Rav Ashlag explains that when Jacob says "I didn't know,” it is like he is asking, "How can all of this have been revealed to me and I've not pushed myself to know more, to connect even more powerfully and strongly to the Light of the Creator, and to become perfected?” Rav Berg would always say that the word "know" in Hebrew, yedia,represents unification. Therefore, Jacob is saying, "This was here, and I was not awakened to a greater connection to the Light of the Creator." He's talking about after the revelation; he has already had his dream and awakening. He said, "All this has happened to me, and I have not pushed myself enough to connect, or pushed myself under the wings of the Shechinah to become perfected."

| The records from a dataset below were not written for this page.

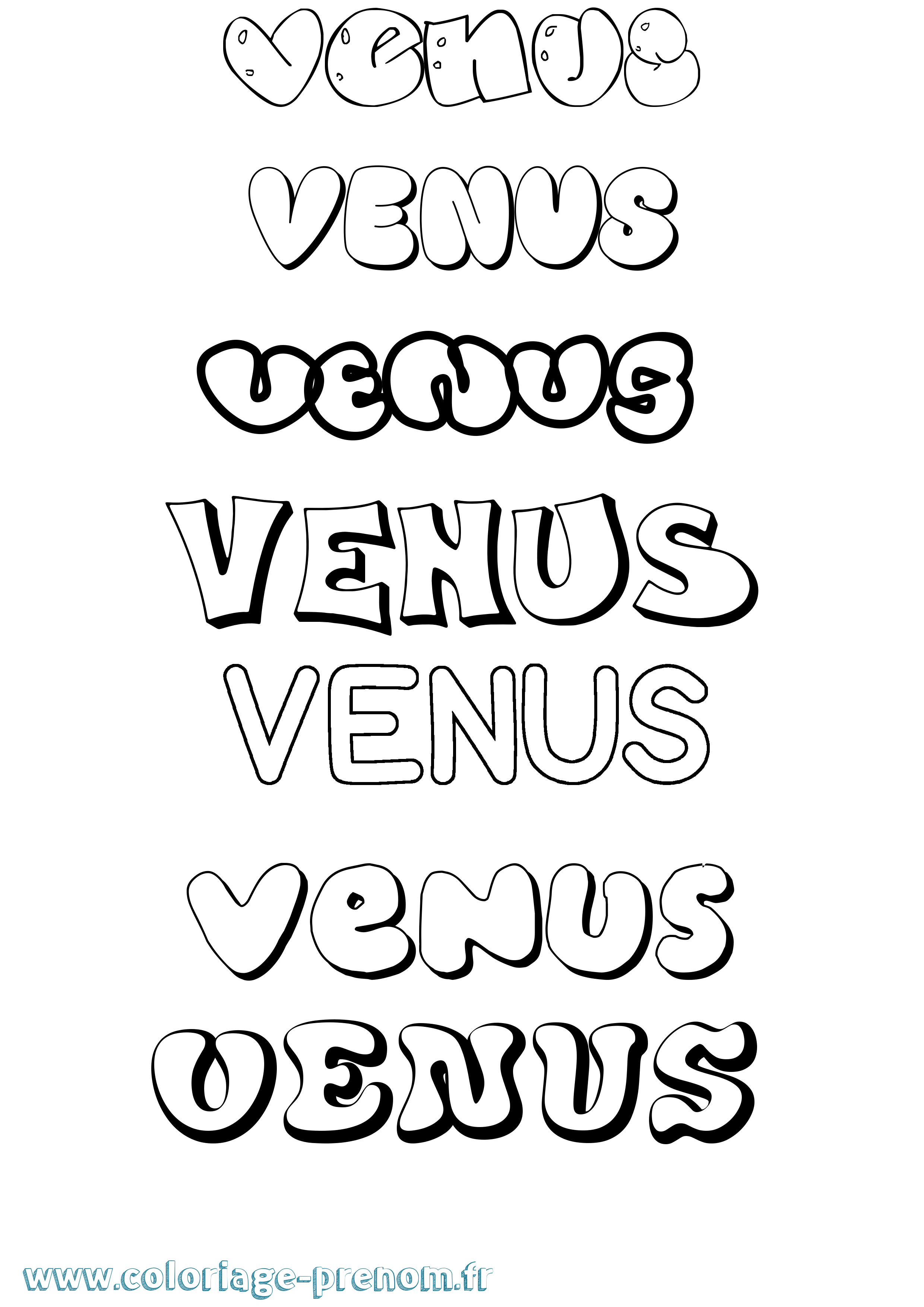 Coloriage prénom Venus Bubble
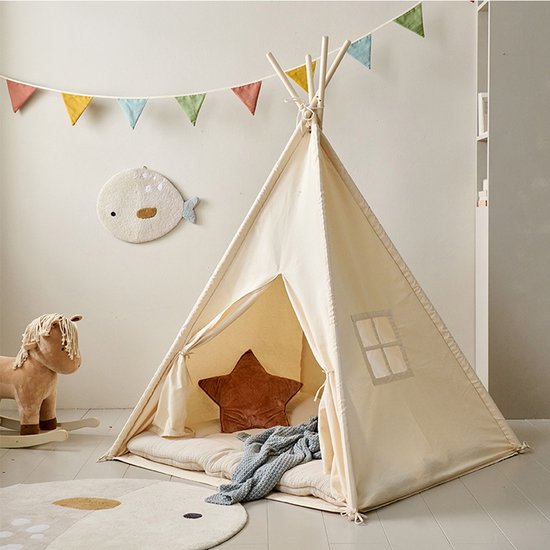 Petite Amélie Speeltent Off-White - Wigwam met dunne Vloerbodem - Tipi voor Kinderen 100 % Katoen - Creëer een Magische Speelplek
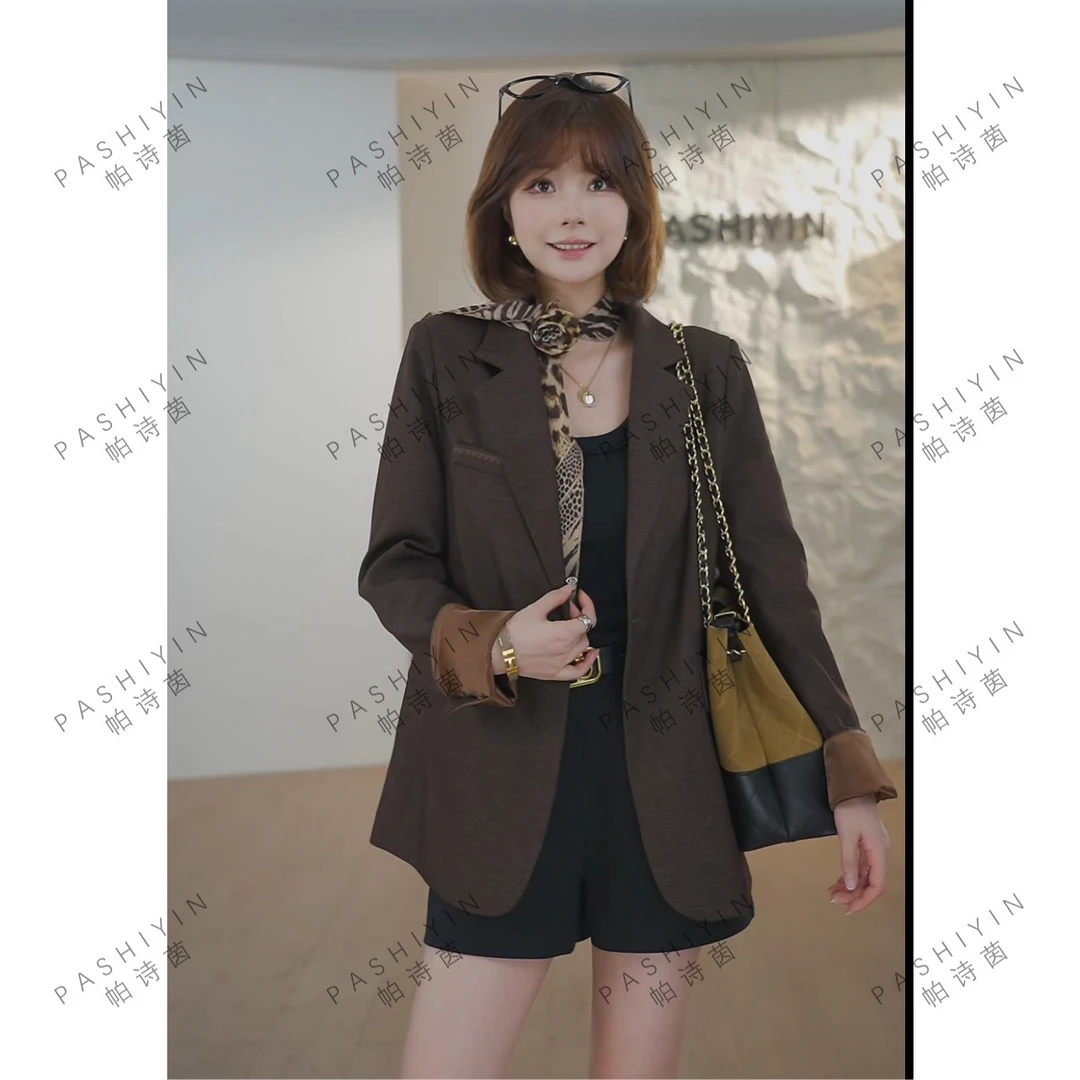 PASHIYIN/帕诗茵2025秋季时尚气质小个子宽松西服外套女#25601-3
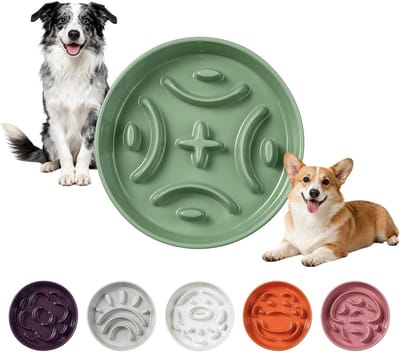 Famanu - Slow Feeder - Fun Feeder voor snelle eters - Ideale voedselcontroleschotel voor middelgrote tot grote rassen - 8,2 inch - 1,8 kopjes (180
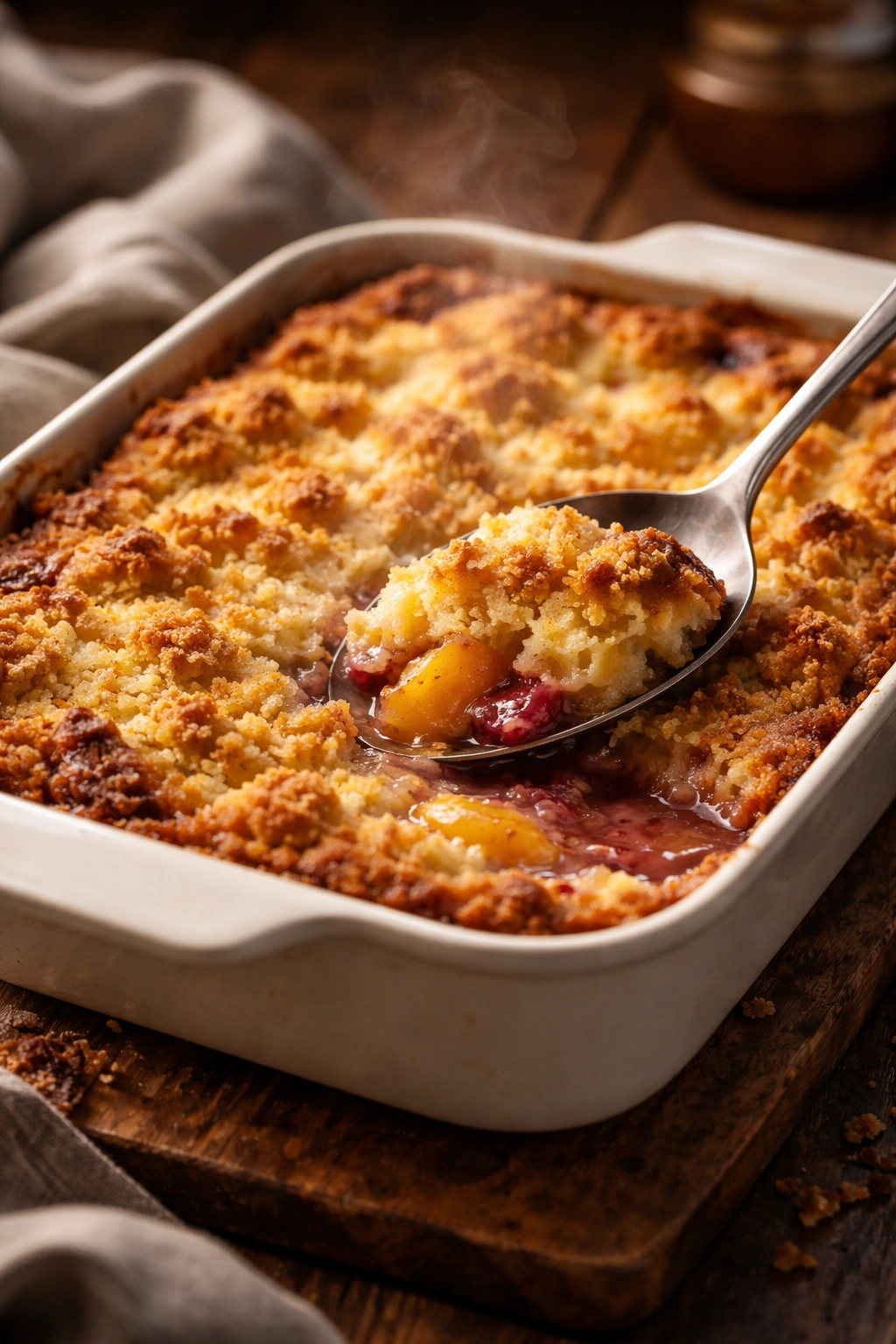 Warm cobbler in a baking dish with a serving spoon on wood
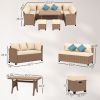 Outsunny Rattan 6 Piece Lounge Set with Cushions; Includes Coffee Table
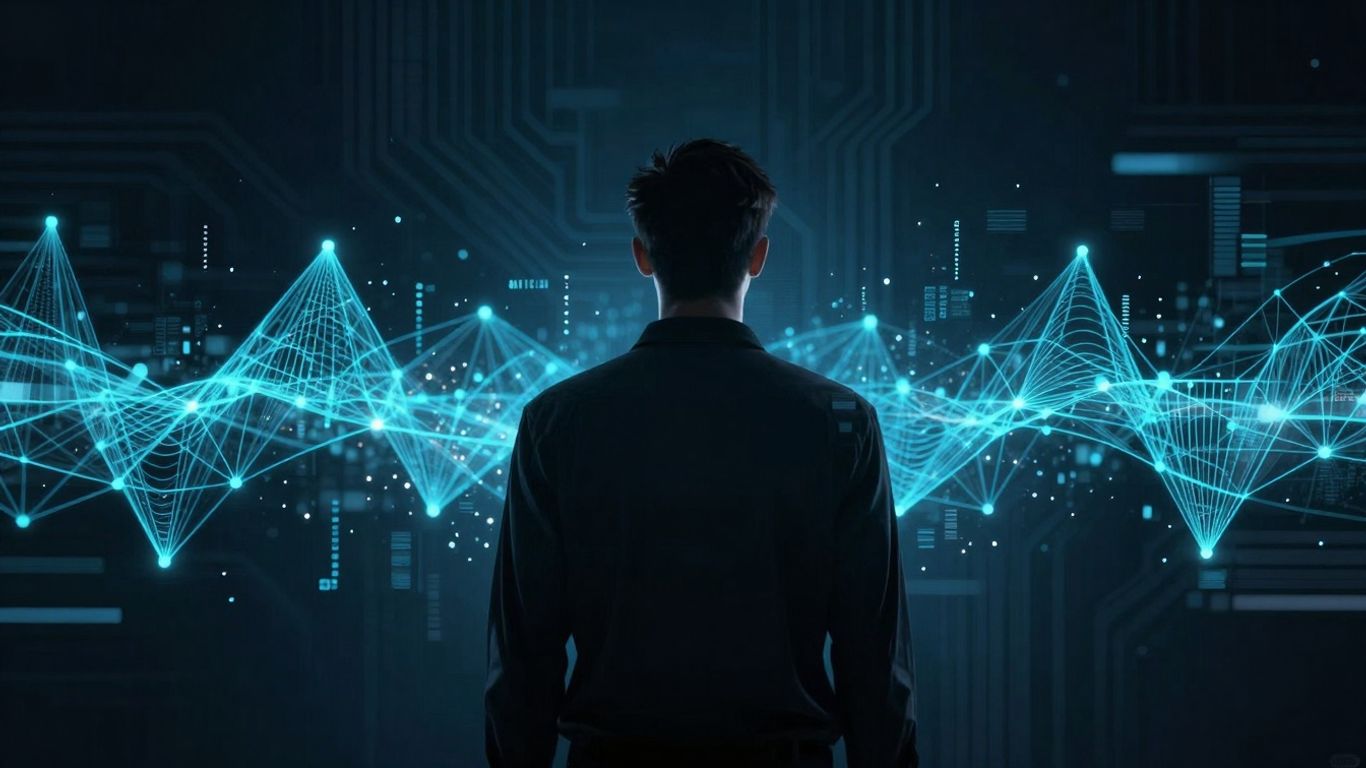 Digital footprint with data streams and network connections.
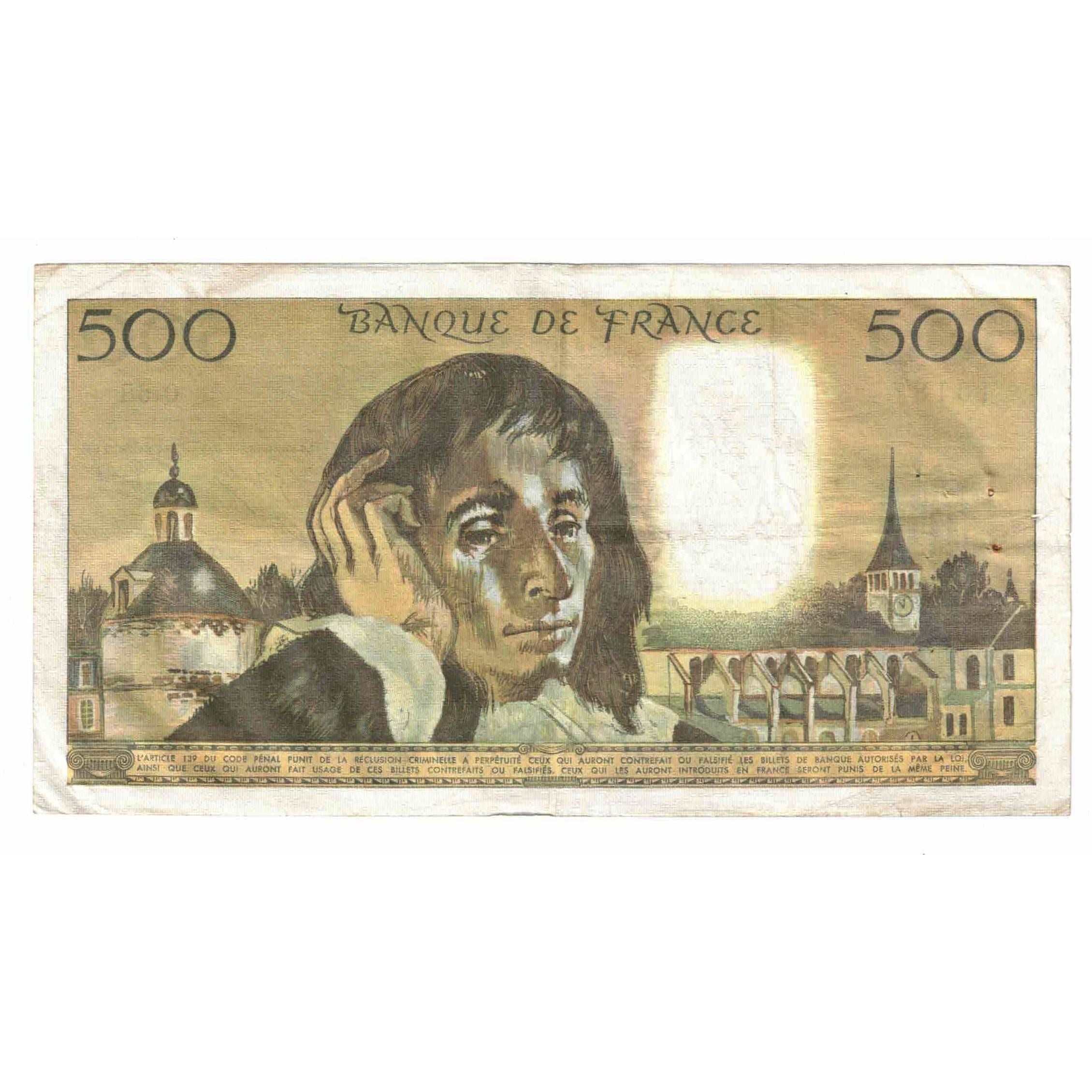 Francja, 500 Francs, Pascal, 1976, Q.58, EF(40-45), Fayette:71.14, KM:156d
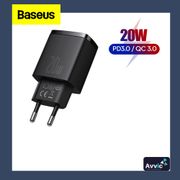 Baseus Kepala Charger Dual Port Type C + USB 20W Quick Charge QC PD Fast Charging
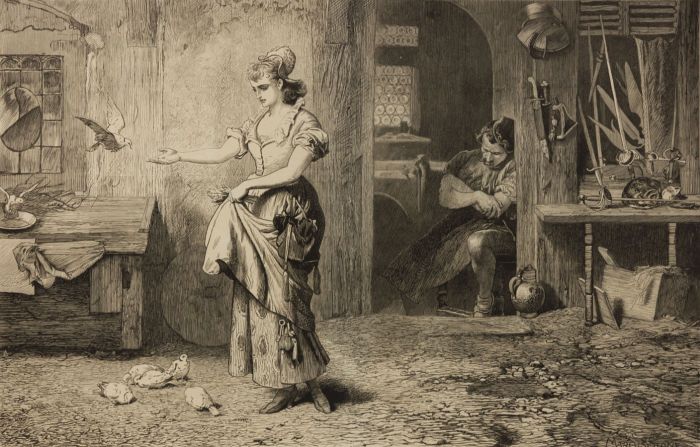 Marcus Stone - 1875 Wood Engraving, Peaceful Times - Illustrated London News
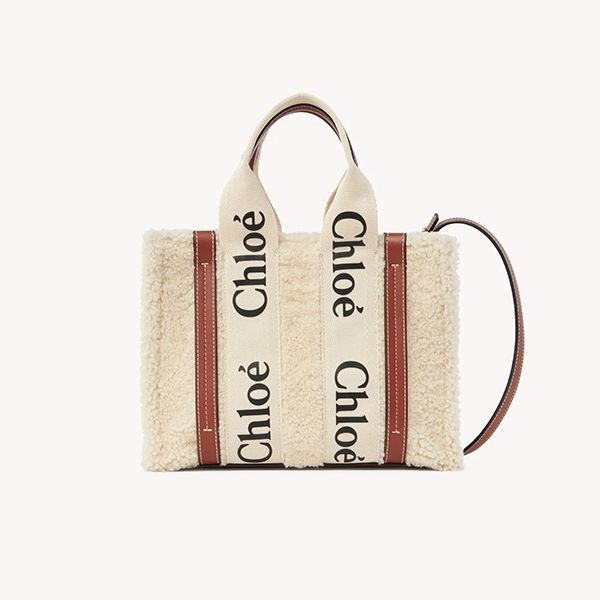 クロエ WOODY 偽物 トートバッグ シリング ストラップ付small tote CHC21WS397F586J1
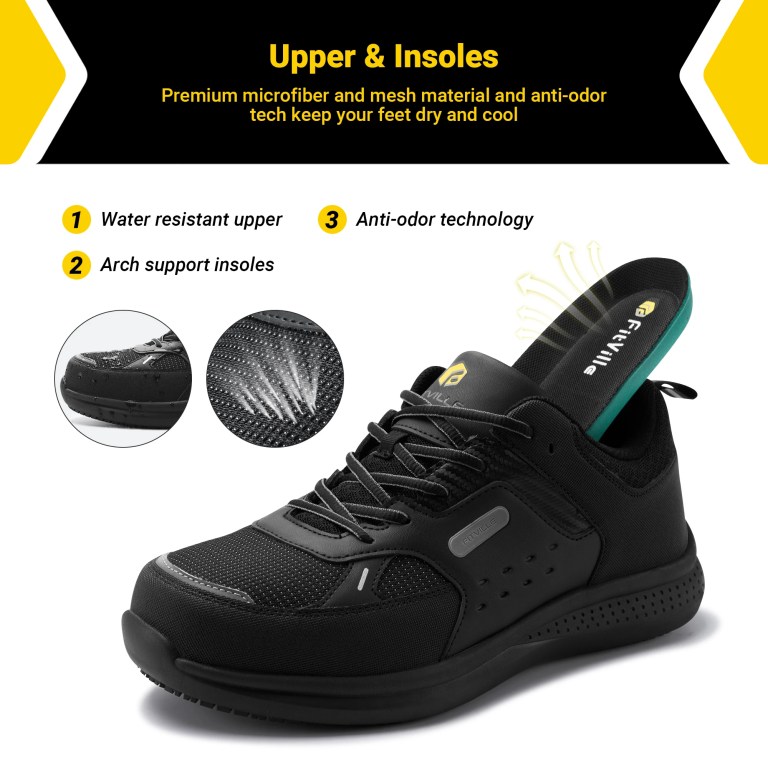 FitVille Men's Extra Wide Work Shoes Casual Shoes Anti-Slip Sturdy Toe Breathable For Male Swollen Feet Arch Support Pain Relief 6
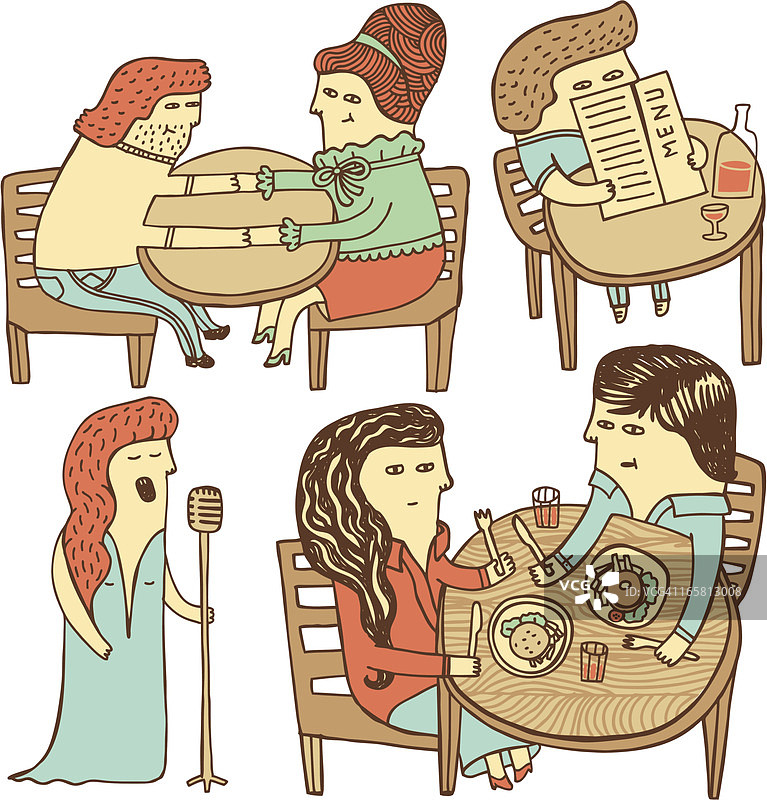 用餐人群合集图片素材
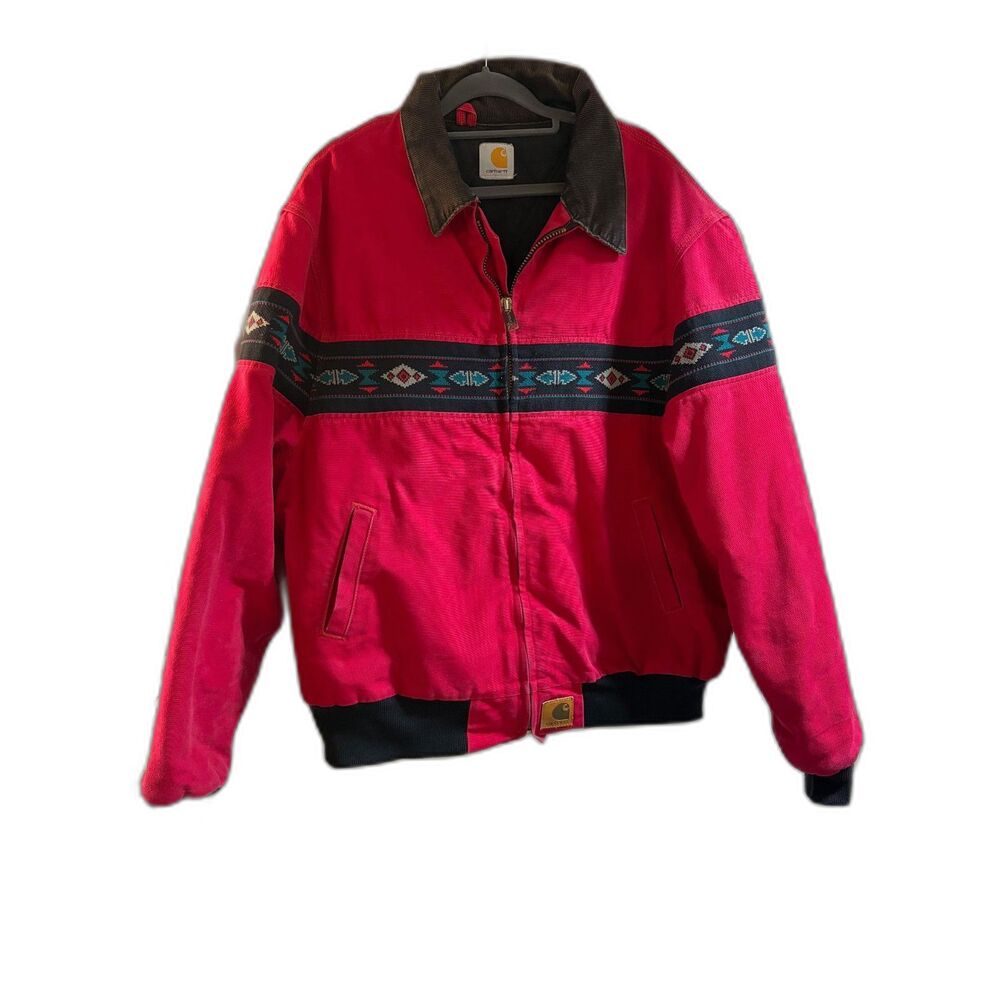 Vintage Carhartt 90s J77 RED Canvas Aztec Jacket Size XL Lined Santa Fe Coat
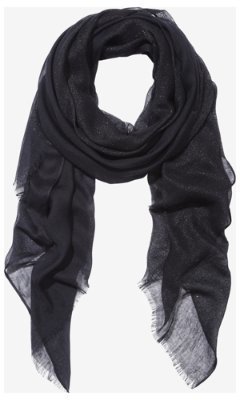 Express Metallic And Solid Quad Scarf - Black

So, the Zohar is telling us that when Jacob wakes up and asks, "How did I not know?” what he’s really saying is, "How did I allow myself not to push so completely to become perfected, after what I just experienced? After I had this experience, how could I go back to being the same?” That's the secret. What Jacob is saying to himself, and it is really more for us than for him, is, "This just happened. How can I still be the same person? How can I not be pushing myself to perfection?" And what Jacob said to himself is something that we have to be saying to ourselves every day, all the time. What Jacob gives us on this Shabbat, and the secret of the words he is saying, the Zohar tells us, is an awareness of how we could have experienced what we experienced and not be pushing ourselves in a completely different way.
We should merit, with the assistance of Jacob and an understanding of what the Zohar is telling us, not falling to the same thing. We have to ask ourselves, “How can I, after all that has happened, go back to, or even a little bit better than, where I was?” Jacob tells us it can't be that we have that experience and then not push ourselves towards perfection, in a completely different and more powerful way.
I strongly recommend reading that section in the Zohar over and over, because it’s the awakening every single one of us needs. It cannot be that we had that experience and then went back. It cannot be that we had that experience and we’re not pushing ourselves in a completely different way to become perfected. It's very important to understand.